Ja, dabei bräuchte ich allerdings etwas Hilfe...
Also gut, ich schau mal, ich hab zwar schon überall geschaut und hab des nich rausbekommen, aber ich schau einfach nochmal...
Und momentan bin ich am kämpfen, mein Linux auf nem Raid zu installieren...
Für Hilfe bin ich immer dankbar.

MfG

Alex


----------



## coredump (24. Februar 2004)

*raid*



> Und momentan bin ich am kämpfen, mein Linux auf nem Raid zu installieren...



Inwiefern bist Du am kämpfen mit dem Raid?

Was für eine Distribution setzt Du ein?
Hardwareraid?

greetz
core


----------



## coredump (25. Februar 2004)

*beschreibung tar*



> Also gut, ich schau mal, ich hab zwar schon überall geschaut und hab des nich rausbekommen, aber ich schau einfach nochmal...



Hi.

Hier mal ein Link zu ner guten Beschreibung von tar.


http://www.jochen-lillich.de/artikel/tarbackup

Nun solltest Du herausfinden, wie Die der Befehl inklusive Parameter für Deine Anforderungen lauten soll. 
Dann können wir uns mit dem Script befassen.

greetz
core


----------



## alexdoehla (25. Februar 2004)

Das wird ein Hardware - Raid mit SuSE 8.2
Das Script hab ich jatzt gemacht,  auch gut.
Und habs per Cron gescheduled...
Wunderbar...

Aber das mit dem Raid...


----------



## coredump (26. Februar 2004)

*raid*

Hey,

wenn das ein Hardware Raid ist, sollte das doch kein Problem sein.

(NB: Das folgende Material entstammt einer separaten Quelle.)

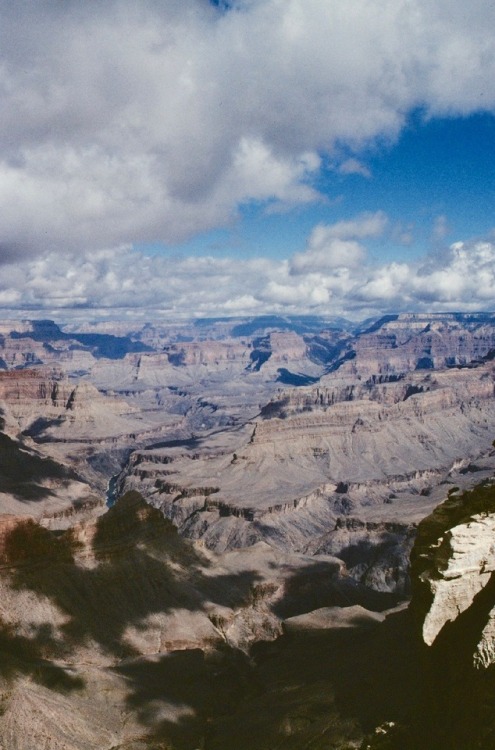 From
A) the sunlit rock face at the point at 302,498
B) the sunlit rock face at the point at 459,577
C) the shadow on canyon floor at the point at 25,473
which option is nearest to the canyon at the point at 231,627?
the sunlit rock face at the point at 459,577

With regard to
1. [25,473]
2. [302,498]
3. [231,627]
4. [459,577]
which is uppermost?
[459,577]

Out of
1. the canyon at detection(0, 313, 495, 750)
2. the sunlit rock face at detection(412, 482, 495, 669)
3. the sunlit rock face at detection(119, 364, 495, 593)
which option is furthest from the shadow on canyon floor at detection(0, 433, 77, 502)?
the sunlit rock face at detection(412, 482, 495, 669)

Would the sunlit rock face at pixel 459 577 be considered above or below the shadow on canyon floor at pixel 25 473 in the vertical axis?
above

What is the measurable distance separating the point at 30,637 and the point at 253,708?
2464cm

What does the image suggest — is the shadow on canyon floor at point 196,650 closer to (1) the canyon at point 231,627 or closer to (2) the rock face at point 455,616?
(1) the canyon at point 231,627

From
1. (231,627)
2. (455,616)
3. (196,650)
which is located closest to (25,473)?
(231,627)

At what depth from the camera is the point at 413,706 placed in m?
33.6

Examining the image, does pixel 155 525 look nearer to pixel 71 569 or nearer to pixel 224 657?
pixel 71 569

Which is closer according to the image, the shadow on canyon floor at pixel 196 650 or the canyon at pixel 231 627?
the canyon at pixel 231 627

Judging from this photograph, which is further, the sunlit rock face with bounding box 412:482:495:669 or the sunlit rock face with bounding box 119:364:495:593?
the sunlit rock face with bounding box 119:364:495:593

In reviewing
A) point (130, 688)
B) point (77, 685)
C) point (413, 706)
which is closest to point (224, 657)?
point (130, 688)

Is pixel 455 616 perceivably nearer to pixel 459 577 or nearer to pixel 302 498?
pixel 459 577

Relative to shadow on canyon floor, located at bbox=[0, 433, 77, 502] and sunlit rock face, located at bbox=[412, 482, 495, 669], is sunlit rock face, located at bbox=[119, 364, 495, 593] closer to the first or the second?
shadow on canyon floor, located at bbox=[0, 433, 77, 502]

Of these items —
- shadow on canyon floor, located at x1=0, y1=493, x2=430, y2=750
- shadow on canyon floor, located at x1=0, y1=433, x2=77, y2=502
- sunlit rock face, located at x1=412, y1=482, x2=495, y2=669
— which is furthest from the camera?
shadow on canyon floor, located at x1=0, y1=433, x2=77, y2=502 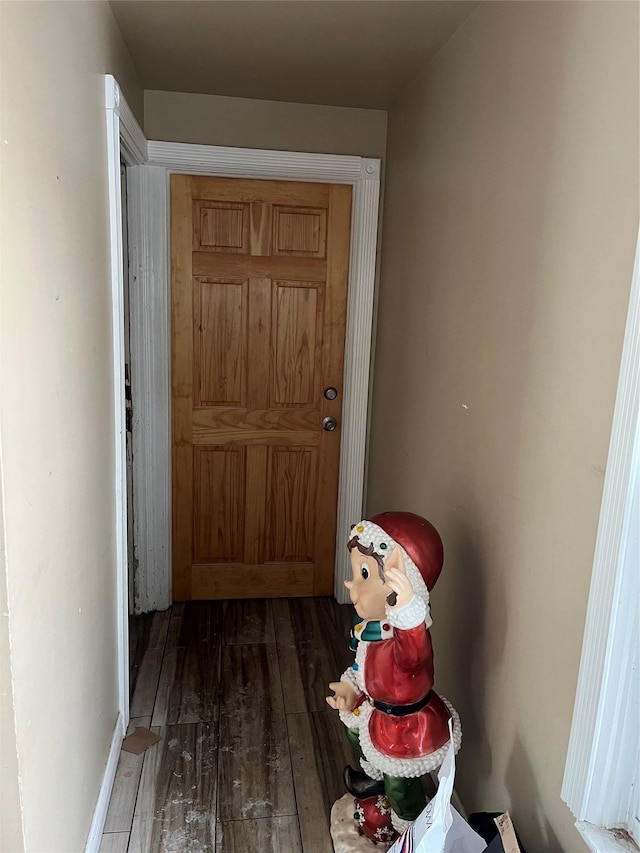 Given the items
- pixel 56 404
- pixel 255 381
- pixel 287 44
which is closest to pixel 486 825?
pixel 56 404

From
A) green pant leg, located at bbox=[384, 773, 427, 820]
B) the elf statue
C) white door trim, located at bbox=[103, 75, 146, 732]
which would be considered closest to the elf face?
the elf statue

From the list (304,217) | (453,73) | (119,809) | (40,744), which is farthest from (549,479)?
(304,217)

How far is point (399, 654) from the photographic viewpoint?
4.70ft

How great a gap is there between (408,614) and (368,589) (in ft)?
0.42

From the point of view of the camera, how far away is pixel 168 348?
2.74 metres

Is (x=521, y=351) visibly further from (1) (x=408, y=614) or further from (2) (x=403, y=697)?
(2) (x=403, y=697)

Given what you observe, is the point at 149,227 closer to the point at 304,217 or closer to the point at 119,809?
the point at 304,217

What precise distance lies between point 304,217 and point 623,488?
2082mm

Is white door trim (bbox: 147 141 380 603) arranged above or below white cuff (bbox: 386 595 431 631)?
above

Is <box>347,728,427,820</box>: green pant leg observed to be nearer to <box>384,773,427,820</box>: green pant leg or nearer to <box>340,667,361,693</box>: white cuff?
<box>384,773,427,820</box>: green pant leg

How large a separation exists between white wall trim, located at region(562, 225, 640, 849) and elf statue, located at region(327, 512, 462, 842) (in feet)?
1.25

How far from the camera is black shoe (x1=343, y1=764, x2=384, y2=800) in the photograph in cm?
177

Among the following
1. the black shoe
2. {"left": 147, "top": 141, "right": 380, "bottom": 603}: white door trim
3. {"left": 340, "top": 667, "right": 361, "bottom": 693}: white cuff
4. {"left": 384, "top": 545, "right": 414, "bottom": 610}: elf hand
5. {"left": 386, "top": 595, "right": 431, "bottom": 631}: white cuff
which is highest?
{"left": 147, "top": 141, "right": 380, "bottom": 603}: white door trim

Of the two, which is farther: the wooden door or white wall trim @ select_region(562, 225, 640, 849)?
the wooden door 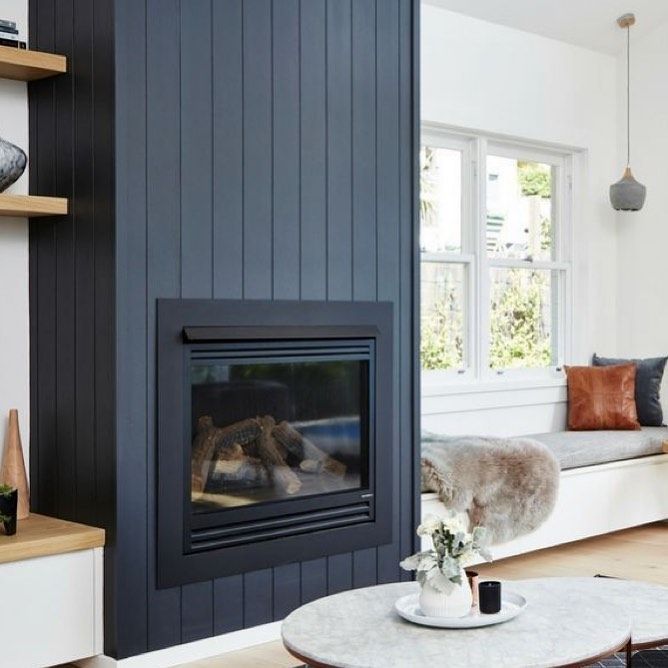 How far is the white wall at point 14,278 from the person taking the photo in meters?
3.69

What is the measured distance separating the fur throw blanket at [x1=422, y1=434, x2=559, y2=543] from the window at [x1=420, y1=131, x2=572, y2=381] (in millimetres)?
942

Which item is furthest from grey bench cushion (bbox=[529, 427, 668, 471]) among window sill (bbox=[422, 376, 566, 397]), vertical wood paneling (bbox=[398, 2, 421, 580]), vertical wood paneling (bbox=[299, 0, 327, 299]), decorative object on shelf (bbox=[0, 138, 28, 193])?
decorative object on shelf (bbox=[0, 138, 28, 193])

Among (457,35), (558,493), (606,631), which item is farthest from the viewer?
(457,35)

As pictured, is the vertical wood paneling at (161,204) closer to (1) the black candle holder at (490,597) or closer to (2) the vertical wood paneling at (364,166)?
(2) the vertical wood paneling at (364,166)

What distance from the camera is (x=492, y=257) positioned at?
595cm

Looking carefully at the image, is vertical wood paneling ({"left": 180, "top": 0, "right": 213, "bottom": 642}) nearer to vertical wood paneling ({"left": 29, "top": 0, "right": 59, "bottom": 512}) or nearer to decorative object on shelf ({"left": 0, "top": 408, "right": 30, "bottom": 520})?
vertical wood paneling ({"left": 29, "top": 0, "right": 59, "bottom": 512})

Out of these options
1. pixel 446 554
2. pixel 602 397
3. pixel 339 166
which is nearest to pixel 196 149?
pixel 339 166

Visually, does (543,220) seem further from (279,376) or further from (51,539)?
(51,539)

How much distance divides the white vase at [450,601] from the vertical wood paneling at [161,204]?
42.9 inches

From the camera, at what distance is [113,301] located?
11.0ft

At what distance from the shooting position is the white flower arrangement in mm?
2660

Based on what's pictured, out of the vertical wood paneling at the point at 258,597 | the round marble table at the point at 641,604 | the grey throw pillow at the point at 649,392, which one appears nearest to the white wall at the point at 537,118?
the grey throw pillow at the point at 649,392

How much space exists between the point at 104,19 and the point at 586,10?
10.7ft

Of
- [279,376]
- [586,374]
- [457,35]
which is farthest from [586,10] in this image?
[279,376] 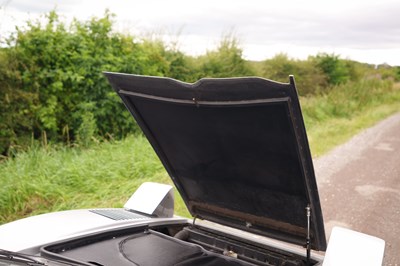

Das konfigurierst Du doch direkt im Raid.
Dort solltest Du doch auch deine Partitionen anlegen können.

Oder sag einfach mal, was für Probleme Du damit hast.

greetz
Lars


----------



## alexdoehla (26. Februar 2004)

Naja, das Problem besteht darin, dass ich zwar im RAID BIOS mein Raid einrichte und so weiter, aber wenn ich dann installieren will, dann werden mir bei der Installation beide Festplatten angezeigt...


----------



## coredump (26. Februar 2004)

Das liegt aber am Raid Bios, bzw an den Einstellungen.

greetz
core


----------



## alexdoehla (26. Februar 2004)

nich wirklich... 
Ich habs auch gedacht, habs dann aber probeweise mal mit  win 2000 probiert, da geht des...


----------



## coredump (27. Februar 2004)

*scheiss raid*

Hey Man,

Hast  Du es schonmal mit einem Biosupdate versucht?
Es gibt bei manchen die Möglichkeit, anzugeben, welches Betriebsystem verwendet wird.

greetz
core


----------



## alexdoehla (27. Februar 2004)

Ne, keine Chance... find ich auch voll zum Kotzen irgendwie
Und Softwareraid will ich a net machen...


----------



## coredump (27. Februar 2004)

*verständniss*

Hey Man,

kann ich voll verstehen. Es git Tage, an denen man garnicht soviel essen kann, wie man Kotzen möchte.

viel glück

core


----------



## alexdoehla (27. Februar 2004)

Jo, danke dir, das kann ich glaub ich gebrauchen....
Ich hab den Raid Controller jetzt raus und hab mir n kleines Script gemacht, welches täglich alle wichtigen daten von der ersten auf die zweite Platte kopiert...
Das reicht eigentlich auch....  Raid...

MfG

Alex


----------